Task to carry out >>
Exact reproductions of all the entries, please, and no pictures.

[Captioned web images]
_ _ _

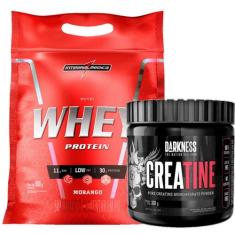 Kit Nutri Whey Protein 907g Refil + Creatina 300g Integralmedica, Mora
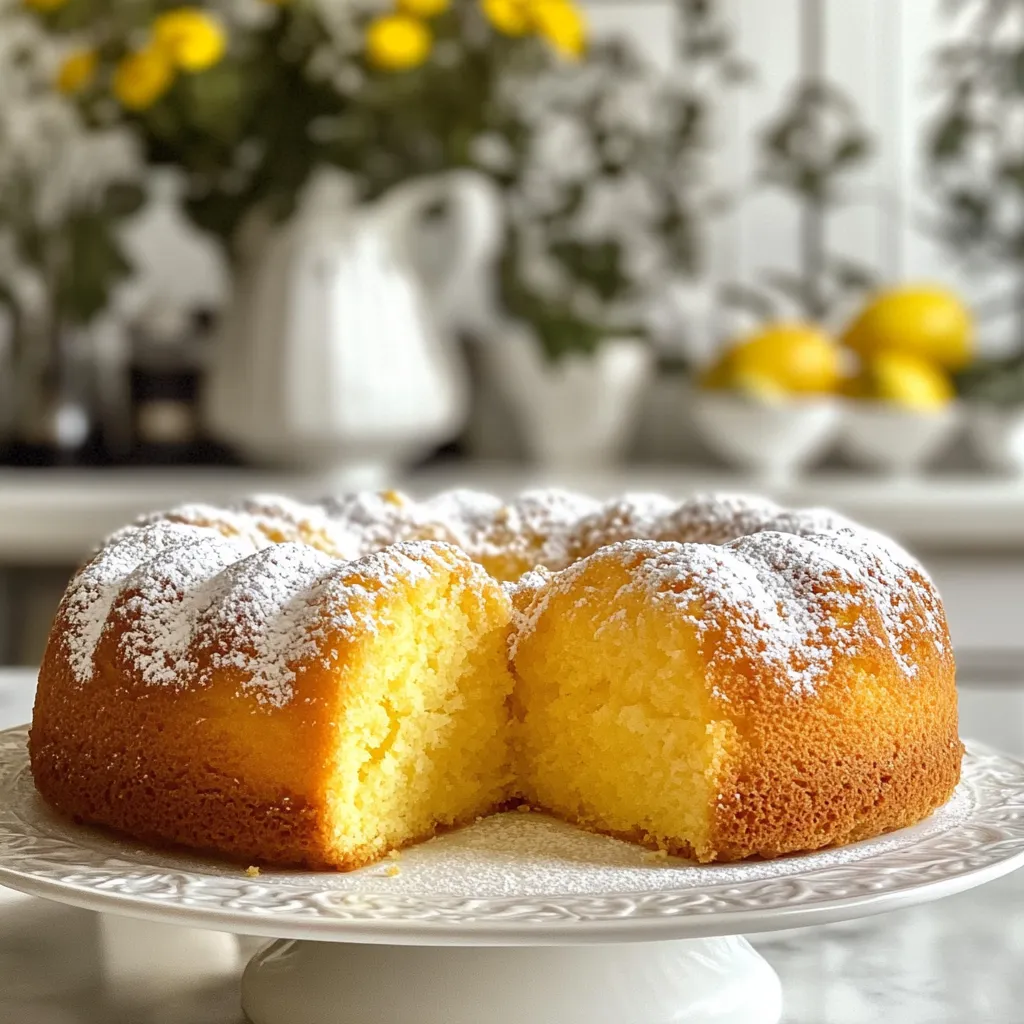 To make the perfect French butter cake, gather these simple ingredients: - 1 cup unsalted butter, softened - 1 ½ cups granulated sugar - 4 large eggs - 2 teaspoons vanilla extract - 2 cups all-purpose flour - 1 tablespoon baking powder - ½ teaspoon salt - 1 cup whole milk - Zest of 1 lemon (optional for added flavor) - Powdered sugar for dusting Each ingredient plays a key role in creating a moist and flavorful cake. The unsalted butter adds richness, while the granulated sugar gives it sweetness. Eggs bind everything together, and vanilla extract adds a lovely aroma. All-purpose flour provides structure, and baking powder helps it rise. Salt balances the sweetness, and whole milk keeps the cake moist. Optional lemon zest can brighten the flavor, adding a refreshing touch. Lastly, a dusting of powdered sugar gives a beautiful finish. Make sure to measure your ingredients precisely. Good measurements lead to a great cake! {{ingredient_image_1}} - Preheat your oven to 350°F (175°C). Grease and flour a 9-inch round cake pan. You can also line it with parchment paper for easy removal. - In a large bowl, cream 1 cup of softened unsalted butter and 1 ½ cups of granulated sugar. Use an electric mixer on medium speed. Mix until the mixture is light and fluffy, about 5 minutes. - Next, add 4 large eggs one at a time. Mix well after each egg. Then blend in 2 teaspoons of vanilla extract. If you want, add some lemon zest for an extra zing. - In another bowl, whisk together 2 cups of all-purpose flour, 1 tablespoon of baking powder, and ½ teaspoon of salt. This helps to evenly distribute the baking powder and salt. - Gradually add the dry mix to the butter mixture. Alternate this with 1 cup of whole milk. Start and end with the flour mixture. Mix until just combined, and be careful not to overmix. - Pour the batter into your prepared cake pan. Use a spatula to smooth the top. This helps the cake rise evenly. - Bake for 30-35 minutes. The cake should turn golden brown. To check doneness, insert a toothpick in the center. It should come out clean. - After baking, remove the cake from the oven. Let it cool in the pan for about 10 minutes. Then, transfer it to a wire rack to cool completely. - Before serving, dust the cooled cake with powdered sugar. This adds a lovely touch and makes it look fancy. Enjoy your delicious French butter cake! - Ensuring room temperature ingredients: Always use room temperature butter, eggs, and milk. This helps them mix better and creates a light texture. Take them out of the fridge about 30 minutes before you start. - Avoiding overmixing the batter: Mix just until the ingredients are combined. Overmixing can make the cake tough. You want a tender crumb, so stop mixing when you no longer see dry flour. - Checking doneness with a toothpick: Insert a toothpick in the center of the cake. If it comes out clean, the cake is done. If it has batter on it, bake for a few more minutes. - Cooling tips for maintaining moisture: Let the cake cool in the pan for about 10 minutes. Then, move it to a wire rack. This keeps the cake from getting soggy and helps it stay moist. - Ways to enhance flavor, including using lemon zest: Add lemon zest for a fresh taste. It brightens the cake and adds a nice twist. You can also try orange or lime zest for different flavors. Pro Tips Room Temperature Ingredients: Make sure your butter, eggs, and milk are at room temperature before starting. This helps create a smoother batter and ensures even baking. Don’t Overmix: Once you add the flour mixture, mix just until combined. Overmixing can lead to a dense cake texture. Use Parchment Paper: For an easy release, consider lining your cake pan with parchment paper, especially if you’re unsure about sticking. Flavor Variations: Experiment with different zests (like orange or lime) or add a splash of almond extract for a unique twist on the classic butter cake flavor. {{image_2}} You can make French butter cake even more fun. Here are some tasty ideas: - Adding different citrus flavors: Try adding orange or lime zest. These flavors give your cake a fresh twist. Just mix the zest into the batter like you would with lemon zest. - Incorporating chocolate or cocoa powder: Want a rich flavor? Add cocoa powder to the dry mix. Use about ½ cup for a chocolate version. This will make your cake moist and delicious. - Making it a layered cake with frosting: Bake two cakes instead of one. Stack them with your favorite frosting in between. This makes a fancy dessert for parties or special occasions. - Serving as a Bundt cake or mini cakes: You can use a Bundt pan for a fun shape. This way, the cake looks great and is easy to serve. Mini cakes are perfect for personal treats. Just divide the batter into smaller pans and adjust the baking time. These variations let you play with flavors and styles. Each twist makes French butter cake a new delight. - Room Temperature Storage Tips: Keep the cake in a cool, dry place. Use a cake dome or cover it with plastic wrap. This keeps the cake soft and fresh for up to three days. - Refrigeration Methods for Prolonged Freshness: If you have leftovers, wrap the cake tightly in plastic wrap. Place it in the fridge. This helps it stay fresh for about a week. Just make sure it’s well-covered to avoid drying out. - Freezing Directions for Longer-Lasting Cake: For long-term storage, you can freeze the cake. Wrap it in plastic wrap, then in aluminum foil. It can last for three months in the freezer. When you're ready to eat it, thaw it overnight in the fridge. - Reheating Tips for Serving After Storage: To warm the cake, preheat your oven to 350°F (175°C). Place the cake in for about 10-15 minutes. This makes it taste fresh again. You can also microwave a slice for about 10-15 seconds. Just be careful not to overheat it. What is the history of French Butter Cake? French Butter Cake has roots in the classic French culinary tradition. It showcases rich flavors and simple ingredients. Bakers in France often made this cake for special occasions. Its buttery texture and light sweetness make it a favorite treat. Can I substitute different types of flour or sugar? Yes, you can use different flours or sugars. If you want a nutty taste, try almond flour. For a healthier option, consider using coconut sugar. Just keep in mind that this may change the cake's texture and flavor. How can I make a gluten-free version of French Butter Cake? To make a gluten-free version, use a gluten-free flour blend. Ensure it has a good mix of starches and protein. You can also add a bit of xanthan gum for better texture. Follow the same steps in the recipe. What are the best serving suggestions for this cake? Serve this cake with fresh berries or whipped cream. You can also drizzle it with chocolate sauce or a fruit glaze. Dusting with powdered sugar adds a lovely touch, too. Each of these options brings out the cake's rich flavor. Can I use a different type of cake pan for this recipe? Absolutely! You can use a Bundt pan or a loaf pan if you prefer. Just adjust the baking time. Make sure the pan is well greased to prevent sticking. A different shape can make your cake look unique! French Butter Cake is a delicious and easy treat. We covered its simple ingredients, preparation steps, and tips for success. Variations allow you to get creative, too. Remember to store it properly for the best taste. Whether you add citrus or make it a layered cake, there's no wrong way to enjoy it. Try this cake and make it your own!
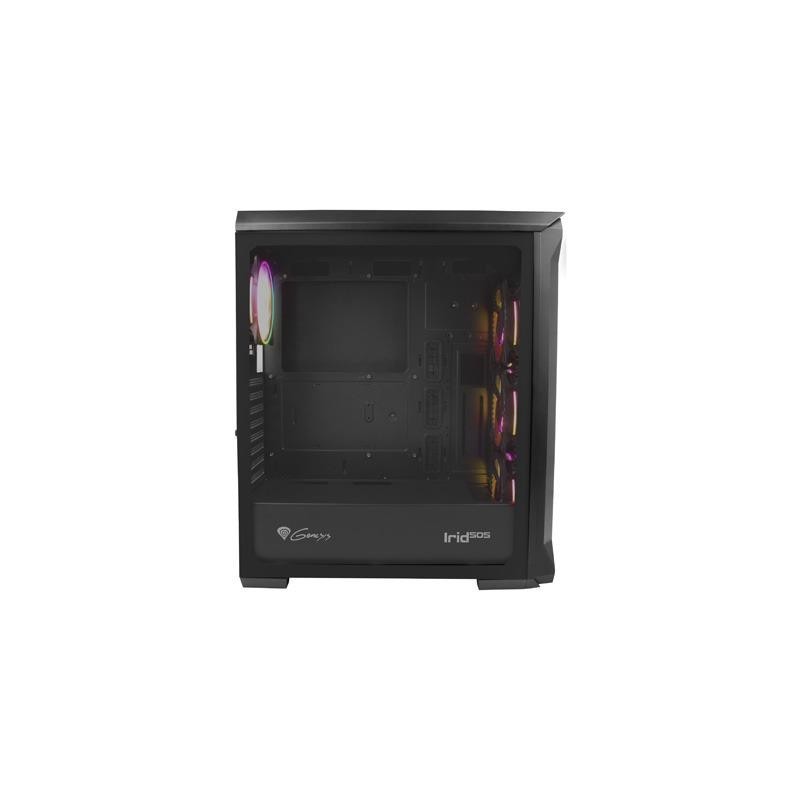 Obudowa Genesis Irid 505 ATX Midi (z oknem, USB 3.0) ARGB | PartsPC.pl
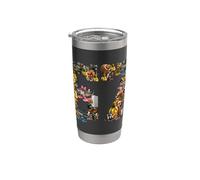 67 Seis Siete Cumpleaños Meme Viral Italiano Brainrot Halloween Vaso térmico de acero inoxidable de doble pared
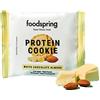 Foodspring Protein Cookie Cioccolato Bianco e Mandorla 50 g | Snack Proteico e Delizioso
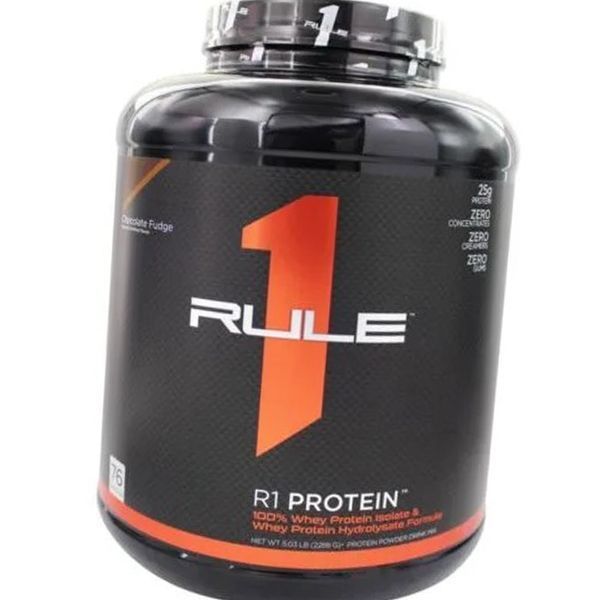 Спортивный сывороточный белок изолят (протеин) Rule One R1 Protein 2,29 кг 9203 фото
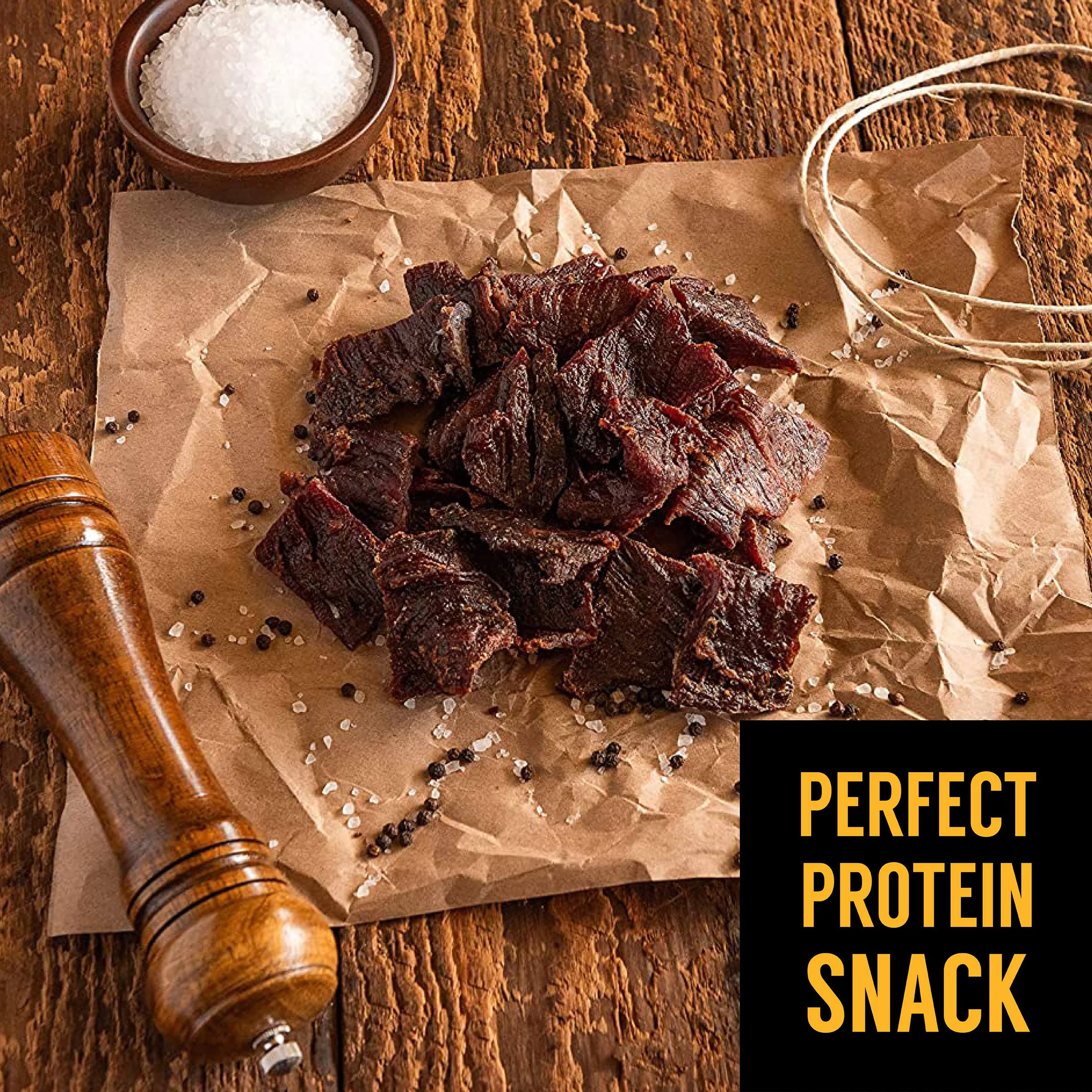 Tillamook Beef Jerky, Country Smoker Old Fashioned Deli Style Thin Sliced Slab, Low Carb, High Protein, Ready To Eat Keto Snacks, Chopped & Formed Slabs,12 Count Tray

_ _ _

Answer section >>
 Kit Nutri Whey Protein 907g Refil + Creatina 300g Integralmedica, Mora
 To make the perfect French butter cake, gather these simple ingredients: - 1 cup unsalted butter, softened - 1 ½ cups granulated sugar - 4 large eggs - 2 teaspoons vanilla extract - 2 cups all-purpose flour - 1 tablespoon baking powder - ½ teaspoon salt - 1 cup whole milk - Zest of 1 lemon (optional for added flavor) - Powdered sugar for dusting Each ingredient plays a key role in creating a moist and flavorful cake. The unsalted butter adds richness, while the granulated sugar gives it sweetness. Eggs bind everything together, and vanilla extract adds a lovely aroma. All-purpose flour provides structure, and baking powder helps it rise. Salt balances the sweetness, and whole milk keeps the cake moist. Optional lemon zest can brighten the flavor, adding a refreshing touch. Lastly, a dusting of powdered sugar gives a beautiful finish. Make sure to measure your ingredients precisely. Good measurements lead to a great cake! {{ingredient_image_1}} - Preheat your oven to 350°F (175°C). Grease and flour a 9-inch round cake pan. You can also line it with parchment paper for easy removal. - In a large bowl, cream 1 cup of softened unsalted butter and 1 ½ cups of granulated sugar. Use an electric mixer on medium speed. Mix until the mixture is light and fluffy, about 5 minutes. - Next, add 4 large eggs one at a time. Mix well after each egg. Then blend in 2 teaspoons of vanilla extract. If you want, add some lemon zest for an extra zing. - In another bowl, whisk together 2 cups of all-purpose flour, 1 tablespoon of baking powder, and ½ teaspoon of salt. This helps to evenly distribute the baking powder and salt. - Gradually add the dry mix to the butter mixture. Alternate this with 1 cup of whole milk. Start and end with the flour mixture. Mix until just combined, and be careful not to overmix. - Pour the batter into your prepared cake pan. Use a spatula to smooth the top. This helps the cake rise evenly. - Bake for 30-35 minutes. The cake should turn golden brown. To check doneness, insert a toothpick in the center. It should come out clean. - After baking, remove the cake from the oven. Let it cool in the pan for about 10 minutes. Then, transfer it to a wire rack to cool completely. - Before serving, dust the cooled cake with powdered sugar. This adds a lovely touch and makes it look fancy. Enjoy your delicious French butter cake! - Ensuring room temperature ingredients: Always use room temperature butter, eggs, and milk. This helps them mix better and creates a light texture. Take them out of the fridge about 30 minutes before you start. - Avoiding overmixing the batter: Mix just until the ingredients are combined. Overmixing can make the cake tough. You want a tender crumb, so stop mixing when you no longer see dry flour. - Checking doneness with a toothpick: Insert a toothpick in the center of the cake. If it comes out clean, the cake is done. If it has batter on it, bake for a few more minutes. - Cooling tips for maintaining moisture: Let the cake cool in the pan for about 10 minutes. Then, move it to a wire rack. This keeps the cake from getting soggy and helps it stay moist. - Ways to enhance flavor, including using lemon zest: Add lemon zest for a fresh taste. It brightens the cake and adds a nice twist. You can also try orange or lime zest for different flavors. Pro Tips Room Temperature Ingredients: Make sure your butter, eggs, and milk are at room temperature before starting. This helps create a smoother batter and ensures even baking. Don’t Overmix: Once you add the flour mixture, mix just until combined. Overmixing can lead to a dense cake texture. Use Parchment Paper: For an easy release, consider lining your cake pan with parchment paper, especially if you’re unsure about sticking. Flavor Variations: Experiment with different zests (like orange or lime) or add a splash of almond extract for a unique twist on the classic butter cake flavor. {{image_2}} You can make French butter cake even more fun. Here are some tasty ideas: - Adding different citrus flavors: Try adding orange or lime zest. These flavors give your cake a fresh twist. Just mix the zest into the batter like you would with lemon zest. - Incorporating chocolate or cocoa powder: Want a rich flavor? Add cocoa powder to the dry mix. Use about ½ cup for a chocolate version. This will make your cake moist and delicious. - Making it a layered cake with frosting: Bake two cakes instead of one. Stack them with your favorite frosting in between. This makes a fancy dessert for parties or special occasions. - Serving as a Bundt cake or mini cakes: You can use a Bundt pan for a fun shape. This way, the cake looks great and is easy to serve. Mini cakes are perfect for personal treats. Just divide the batter into smaller pans and adjust the baking time. These variations let you play with flavors and styles. Each twist makes French butter cake a new delight. - Room Temperature Storage Tips: Keep the cake in a cool, dry place. Use a cake dome or cover it with plastic wrap. This keeps the cake soft and fresh for up to three days. - Refrigeration Methods for Prolonged Freshness: If you have leftovers, wrap the cake tightly in plastic wrap. Place it in the fridge. This helps it stay fresh for about a week. Just make sure it’s well-covered to avoid drying out. - Freezing Directions for Longer-Lasting Cake: For long-term storage, you can freeze the cake. Wrap it in plastic wrap, then in aluminum foil. It can last for three months in the freezer. When you're ready to eat it, thaw it overnight in the fridge. - Reheating Tips for Serving After Storage: To warm the cake, preheat your oven to 350°F (175°C). Place the cake in for about 10-15 minutes. This makes it taste fresh again. You can also microwave a slice for about 10-15 seconds. Just be careful not to overheat it. What is the history of French Butter Cake? French Butter Cake has roots in the classic French culinary tradition. It showcases rich flavors and simple ingredients. Bakers in France often made this cake for special occasions. Its buttery texture and light sweetness make it a favorite treat. Can I substitute different types of flour or sugar? Yes, you can use different flours or sugars. If you want a nutty taste, try almond flour. For a healthier option, consider using coconut sugar. Just keep in mind that this may change the cake's texture and flavor. How can I make a gluten-free version of French Butter Cake? To make a gluten-free version, use a gluten-free flour blend. Ensure it has a good mix of starches and protein. You can also add a bit of xanthan gum for better texture. Follow the same steps in the recipe. What are the best serving suggestions for this cake? Serve this cake with fresh berries or whipped cream. You can also drizzle it with chocolate sauce or a fruit glaze. Dusting with powdered sugar adds a lovely touch, too. Each of these options brings out the cake's rich flavor. Can I use a different type of cake pan for this recipe? Absolutely! You can use a Bundt pan or a loaf pan if you prefer. Just adjust the baking time. Make sure the pan is well greased to prevent sticking. A different shape can make your cake look unique! French Butter Cake is a delicious and easy treat. We covered its simple ingredients, preparation steps, and tips for success. Variations allow you to get creative, too. Remember to store it properly for the best taste. Whether you add citrus or make it a layered cake, there's no wrong way to enjoy it. Try this cake and make it your own!
 Obudowa Genesis Irid 505 ATX Midi (z oknem, USB 3.0) ARGB | PartsPC.pl
 67 Seis Siete Cumpleaños Meme Viral Italiano Brainrot Halloween Vaso térmico de acero inoxidable de doble pared
 Foodspring Protein Cookie Cioccolato Bianco e Mandorla 50 g | Snack Proteico e Delizioso
 Спортивный сывороточный белок изолят (протеин) Rule One R1 Protein 2,29 кг 9203 фото
 Tillamook Beef Jerky, Country Smoker Old Fashioned Deli Style Thin Sliced Slab, Low Carb, High Protein, Ready To Eat Keto Snacks, Chopped & Formed Slabs,12 Count Tray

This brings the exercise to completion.